Skip ke Konten

Mencari Ruhul Mudarris: Refleksi Hari Guru Nasional di Tengah Memudarnya Jiwa Pendidik

Dr. Muhammad Ali Rusdi Bedong, S.Thi., M. HI. (Wakil Rektor III IAIN Parepare)
25 November 2025 oleh
Mencari Ruhul Mudarris: Refleksi Hari Guru Nasional di Tengah Memudarnya Jiwa Pendidik
Admin
| Belum ada komentar

Hari Guru Nasional setiap tahun selalu menghadirkan suasana haru yang sama: ucapan selamat, foto-foto nostalgia, dan kata-kata manis tentang jasa guru.
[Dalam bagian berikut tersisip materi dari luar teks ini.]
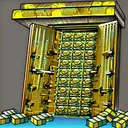 CTV_VaultSeeker_Gold_0226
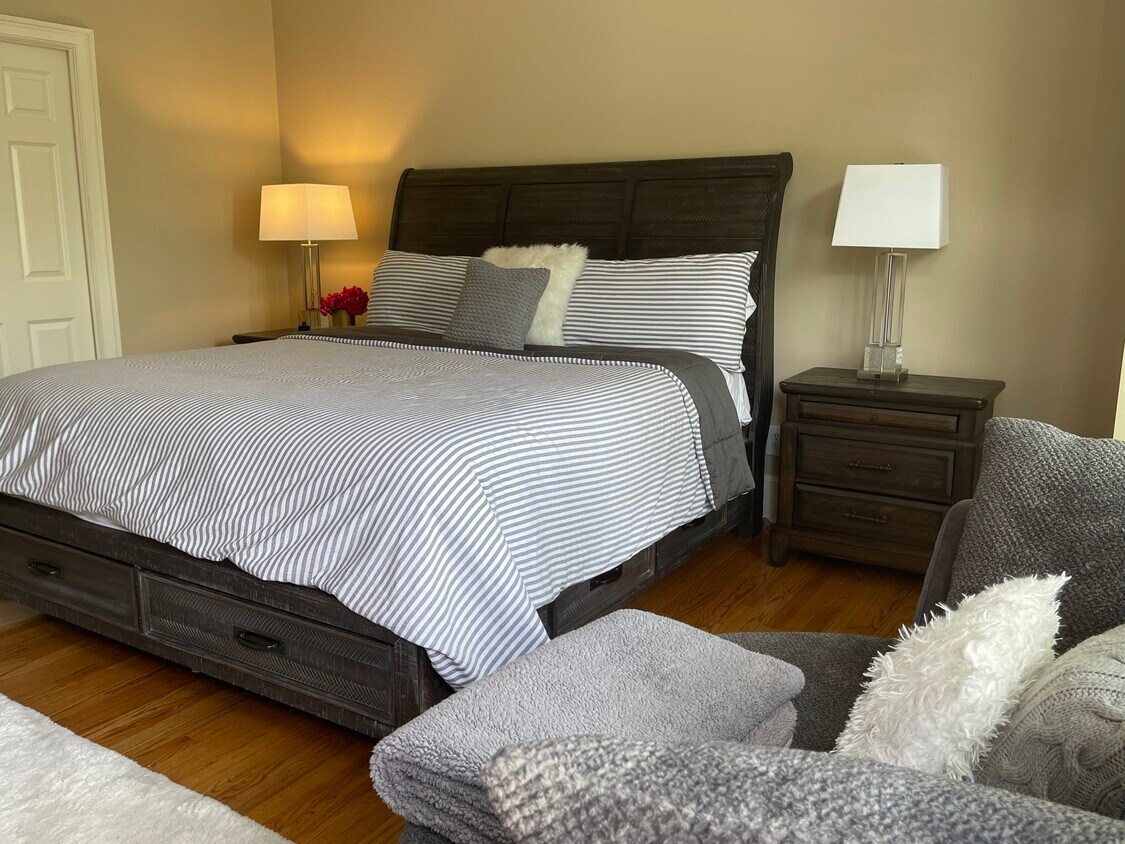 4745 Legacy Cove Ln, Mableton, GA 30126 Townhome Rentals in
Namun di balik semua itu, ada kegelisahan yang diam-diam tumbuh dan dirasakan oleh banyak orang yang dekat dengan dunia pendidikan tentang bagaimana ruh seorang guru perlahan pudar, digantikan oleh tuntutan profesi yang semakin administratif dan mekanis. Kita menyaksikan realitas yang tak bisa lagi disembunyikan: semakin banyak guru yang hadir sebagai pekerja, bukan pendidik; sebagai pelaksana teknis, bukan pembimbing jiwa; sebagai pencari jam dan tunjangan, bukan pencari ridha Allah.
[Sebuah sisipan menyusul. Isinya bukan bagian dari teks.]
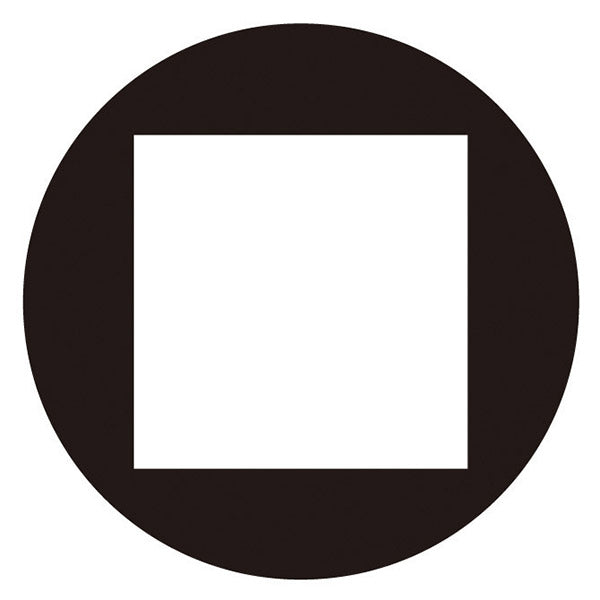 日本正規品 ヴェラ トルクレンチ 1/4DR 2.5-25Nm A5 ラチェット式 (343960)(4013288204462) ベラ Wera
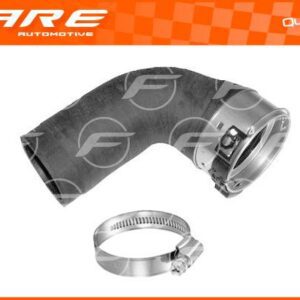MGTO. TURBO (CORTO) BMW S5 E60-E61 - 13443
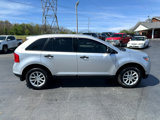 Used 2014 Ford Edge SE w/ Equipment Group 101A image 5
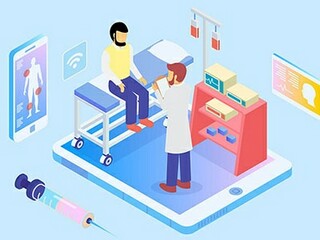 基层外科医生工作的述职报告_外科主任个人述职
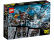 LEGO Super Heroes - Mr. Freeze vs. Batman na Batmotorce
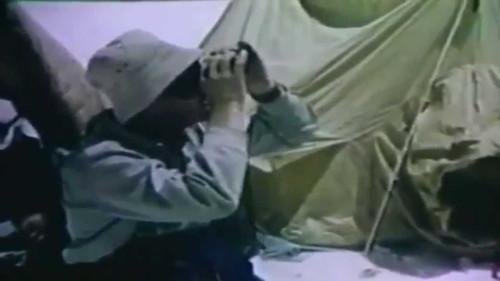 The Conquest of Everest filmas žiurėti online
Di banyak sekolah, wajah guru tampak lelah. Bukan karena mengajar, tetapi karena administrasi yang tak pernah selesai. Dokumen yang harus dipenuhi begitu banyak hingga menguras energi yang seharusnya dicurahkan untuk berinteraksi dengan murid. Kelas bukan lagi ruang dialog yang hangat, melainkan tempat menuntaskan kewajiban. Guru tidak lagi memiliki waktu untuk mendengarkan cerita murid-muridnya, apalagi memahami psikologi dan latar belakang mereka. Di tengah tekanan sistem ini, ruhul mudarris “jiwa pendidik sejati” perlahan memudar seperti cahaya yang tenggelam di antara tumpukan kertas dan layar laptop.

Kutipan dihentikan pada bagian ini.